A sympathetic giggle escaped from Cat. Joey, half hidden behind the door, peeped out at the two of them and Cat sobered. “Honestly, Jackson, the way you talk, you’d think you were abused as a child!”
“What do you call shoveling sh—manure all day long?”
Cat glanced at Joey again, silently warning Jackson to watch his language, but her own mirth bubbled over. “Not all day?”
“It seemed like it. Never mind. I see you’re still in the bead business. Were you planning on making jewelry this evening? I didn’t mean to interrupt you.”
“You’re not. You’re welcome anytime. The beads can wait.” She brushed off his question with a casual wave at the plastic box packed with beading materials. A moment ago, she’d been eager to get through her chores and let the bright beads fall through her fingers as she chose the perfect size and color for a new necklace. Now, with Jackson here, she pushed them aside as if they meant nothing.

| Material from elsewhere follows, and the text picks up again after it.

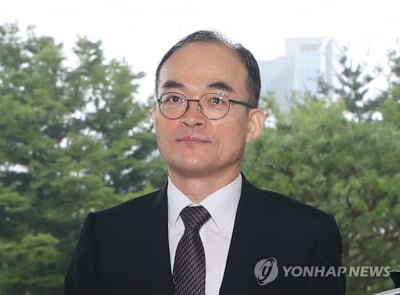 문무일 前검찰총장, '김학의 출금 수사 외압' 재판 증인 채택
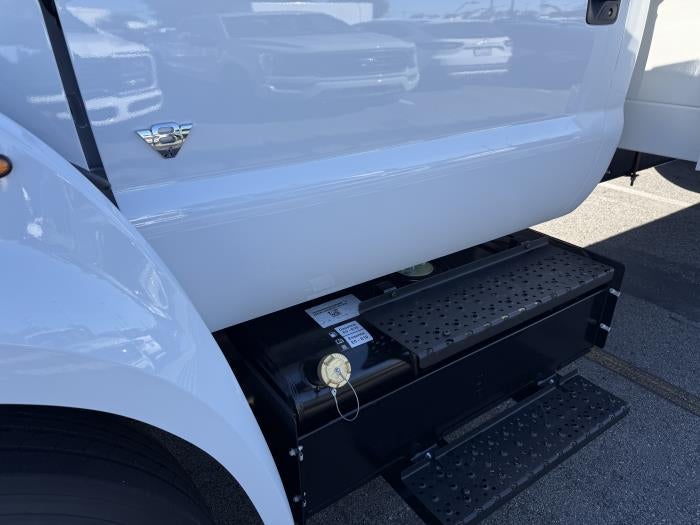 2026 Ford F-750 Standard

Jackson grinned. “Pop and I have about as much in common as the Army and the Navy. I haven’t decided who’s going to win the battle and it will be weeks yet, before I can leave. Coming over here to talk to you might keep me sane.”
It hurt to know how badly he wanted to go, but she should have been prepared for his eagerness to leave. “Is farm work getting you down that much?”
His face settled into a disgruntled frown. “I’m not a farmer, Cat. My plants don’t grow, my hens don’t lay, my pigs don’t get fat. Even my tractor doesn’t run. I’m not cut out for this stuff. Pop knows it. He’s walking pretty good now and he follows me around worse than Blue does, always trying to tell me how to do it better.”
A wave of sympathy enveloped her. How terrible to have to do what you hated most in life. No wonder his eyes looked shadowed as if he hadn’t slept well for weeks. “Let me get you a glass of iced tea and we’ll go sit on the front porch. Joey, would you get a cloth to wipe the chairs? With the wind blowing all day, those chairs will have an inch of dust on them.”